Collection entries:
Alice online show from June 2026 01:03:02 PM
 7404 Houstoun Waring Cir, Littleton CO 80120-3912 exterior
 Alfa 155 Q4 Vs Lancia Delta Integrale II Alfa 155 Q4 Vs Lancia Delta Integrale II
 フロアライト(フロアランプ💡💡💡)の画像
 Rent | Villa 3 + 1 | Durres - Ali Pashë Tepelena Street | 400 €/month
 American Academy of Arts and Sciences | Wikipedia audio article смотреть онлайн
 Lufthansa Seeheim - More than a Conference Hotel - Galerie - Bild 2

■ What the task requires: Beginning with the first line and ending with the last, restate the data word for word.

■ Expected answer:
Alice online show from June 2026 01:03:02 PM
 7404 Houstoun Waring Cir, Littleton CO 80120-3912 exterior
 Alfa 155 Q4 Vs Lancia Delta Integrale II Alfa 155 Q4 Vs Lancia Delta Integrale II
 フロアライト(フロアランプ💡💡💡)の画像
 Rent | Villa 3 + 1 | Durres - Ali Pashë Tepelena Street | 400 €/month
 American Academy of Arts and Sciences | Wikipedia audio article смотреть онлайн
 Lufthansa Seeheim - More than a Conference Hotel - Galerie - Bild 2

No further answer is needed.